**
Regression Algorithms
**
1.Linear Regression:
from sklearn.linear_model import LinearRgression
LinearRegression(copy_X=True, fit_intercept=True, n_jobs=1, normalize=False)
Parameters:
normalize布尔型,默认为false.说明:是否对数据进行标准化处理
copy_X 布尔型,默认为true.说明:是否对X复制,如果选择false,则直接对原数据进行覆盖。(即经过中心化,标准化后,是否把新数据覆盖到原数据上)。
2.Ridge Regression(L2 norm generalization)
from sklearn.linear_model import Ridge
Ridge(alpha=1.0, copy_X=True, fit_intercept=True, max_iter=None,
normalize=False, random_state=None, solver=‘auto’, tol=0.001)
solver:{‘auto’,‘svd’,‘cholesky’,‘lsqr’,‘sparse_cg’,‘sag’}
用于计算的求解方法:
'auto’根据数据类型自动选择求解器。
'svd’使用X的奇异值分解来计算Ridge系数。对于奇异矩阵比’cholesky’更稳定。
'cholesky’使用标准的scipy.linalg.solve函数来获得闭合形式的解。
'sparse_cg’使用在scipy.sparse.linalg.cg中找到的共轭梯度求解器。作为迭代算法,这个求解器比大规模数据(设置tol和max_iter的可能性)的“cholesky”更合适。
'lsqr’使用专用的正则化最小二乘常数scipy.sparse.linalg.lsqr。它是最快的,但可能不是在旧的scipy版本可用。
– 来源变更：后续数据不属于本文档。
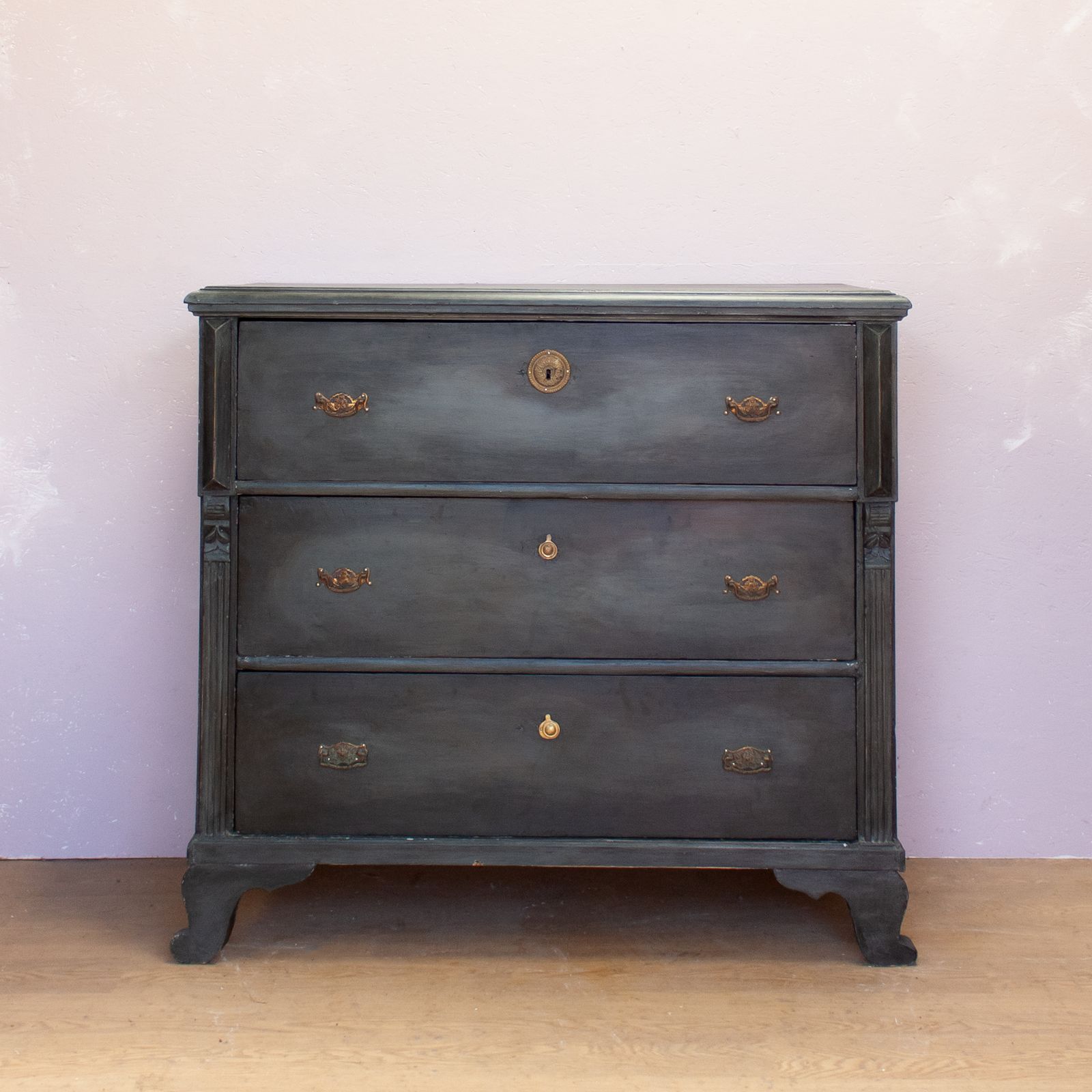 photo furniture Vintage Black Wooden Chest Of Drawers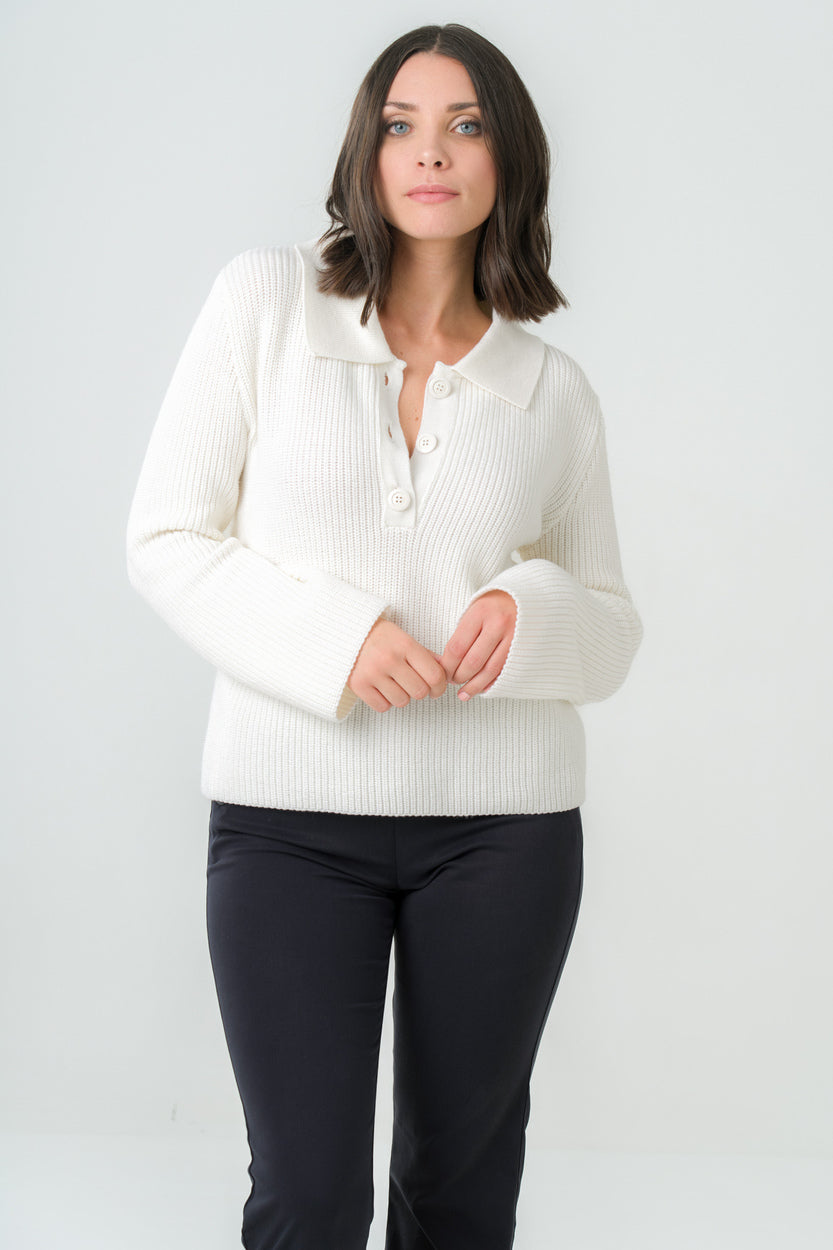 White sweater Torreya made of 100% merino wool by Avani
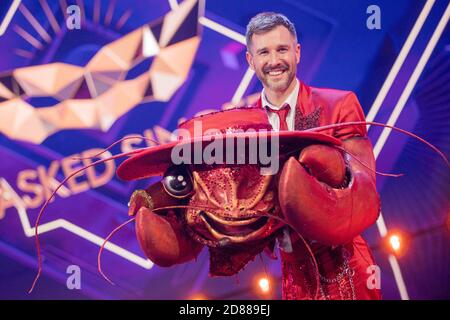 Köln, Deutschland. Oktober 2020. Jochen Schropp, Moderator, ist als unmaskierte Figur 'The Hummer' in der Prosasiebenshow 'The Masked Singer' auf der Bühne. Quelle: Rolf Vennenbernd/dpa/Alamy Live News Stockfoto
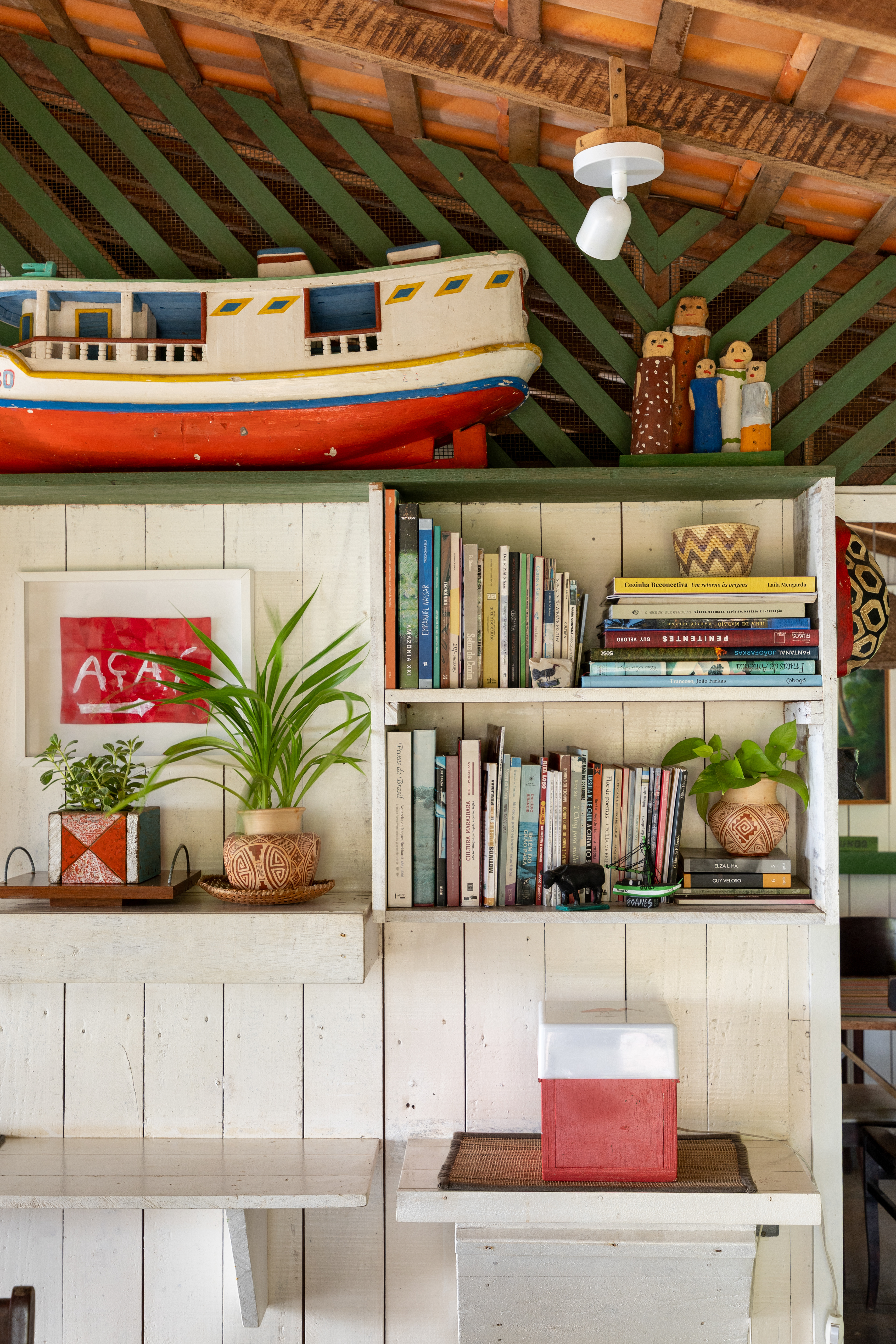 2025 - Leila Viegas - All rights reserved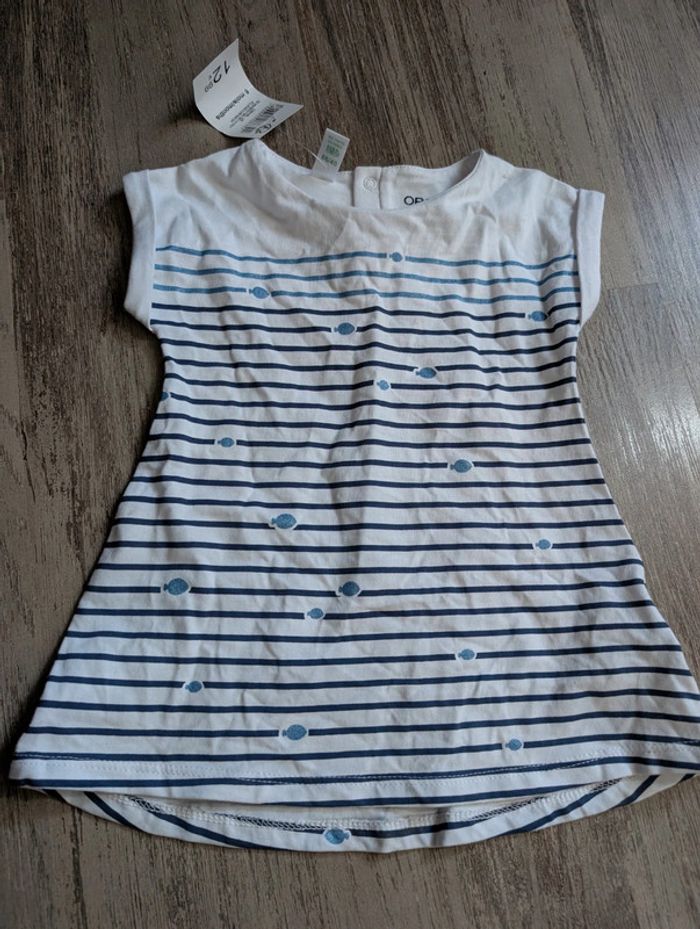 Robe neuve obaibi 6 mois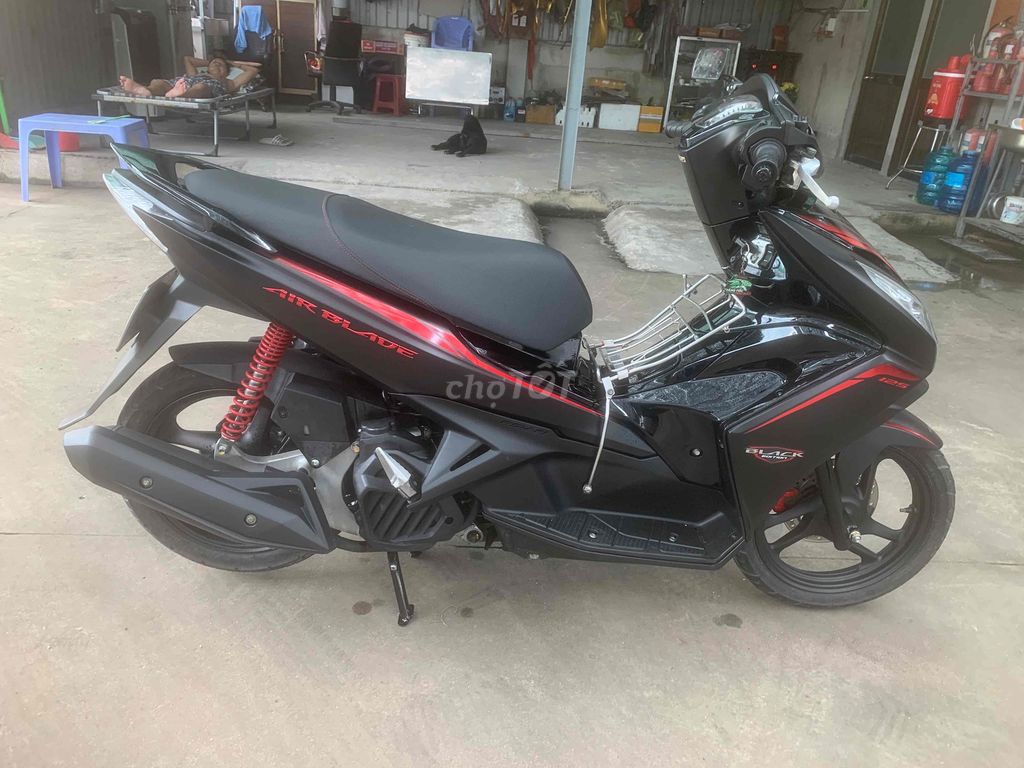 bán Airblade 125 Fi màu đen nhám có rì mốt tìm xe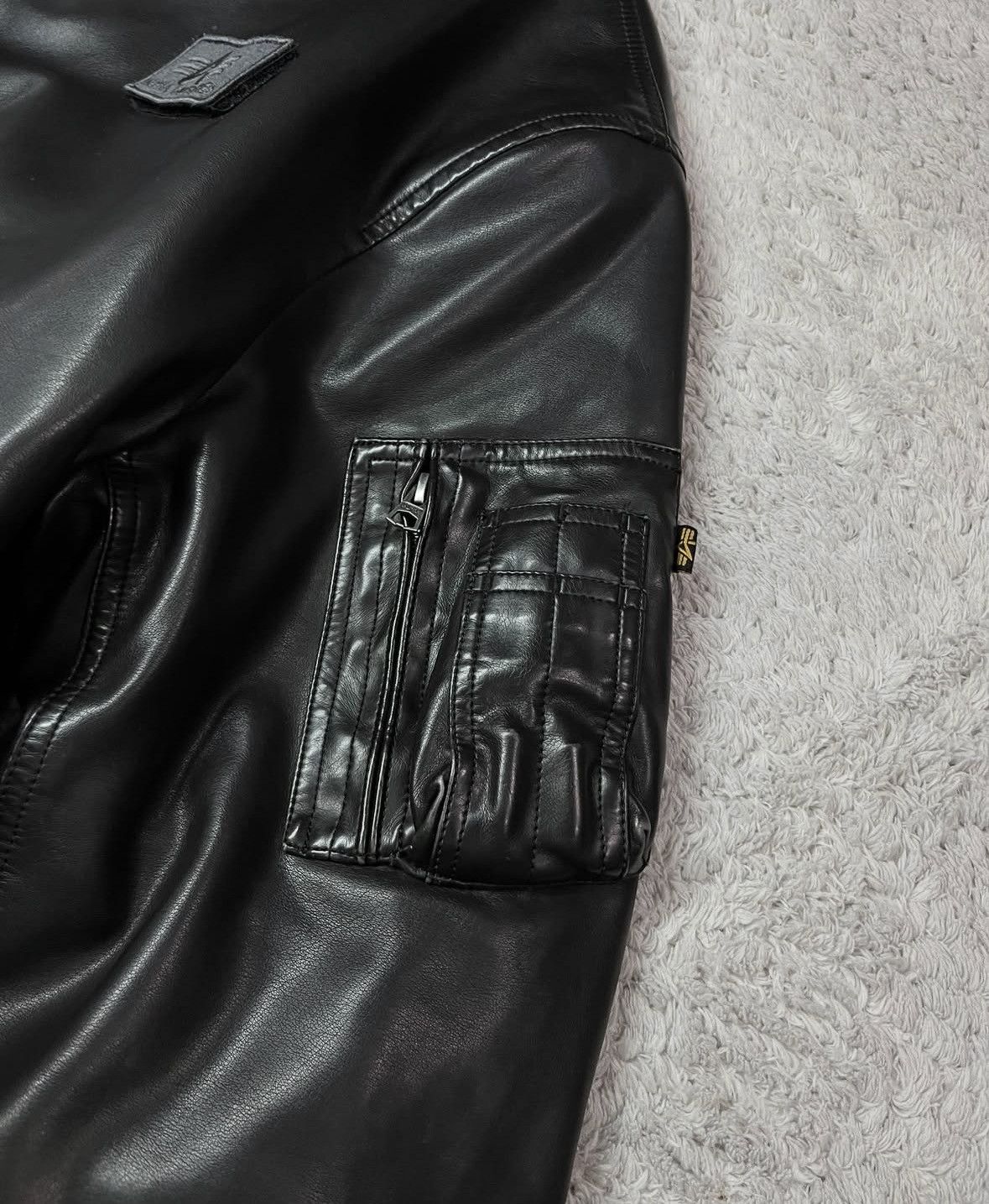 Alpha Industries CRAZY ALPHA INDUSTRIES LEATHER JACKET IN SIZE XL Size US XL / EU 56 / 4 - 5 Thumbnail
它还使用迭代过程。
'sag’使用随机平均梯度下降。它也使用迭代过程,并且当n_samples和n_feature都很大时,通常比其他求解器更快。注意,“sag”快速收敛仅在具有近似相同尺度的特征上被保证。您可以使用sklearn.preprocessing的缩放器预处理数据。
3.Lasso Regression(L1 norm generaliization)
from sklearn.linear_model import Lasso
Lasso(alpha=1.0, copy_X=True, fit_intercept=True, max_iter=1000,
normalize=False, positive=False, precompute=False, random_state=None,
selection=‘cyclic’, tol=0.0001, warm_start=False)
4.ElasticNetRegression(L1+L2 norm generalization)
SGDClassifier(L1+L2 norm generalization) is used to classification
from sklearn.linear_model import ElasticNet
ElasticNet(alpha=1.0, copy_X=True, fit_intercept=True, l1_ratio=0.5,
max_iter=1000, normalize=False, positive=False, precompute=False,
random_state=None, selection=‘cyclic’, tol=0.0001, warm_start=False)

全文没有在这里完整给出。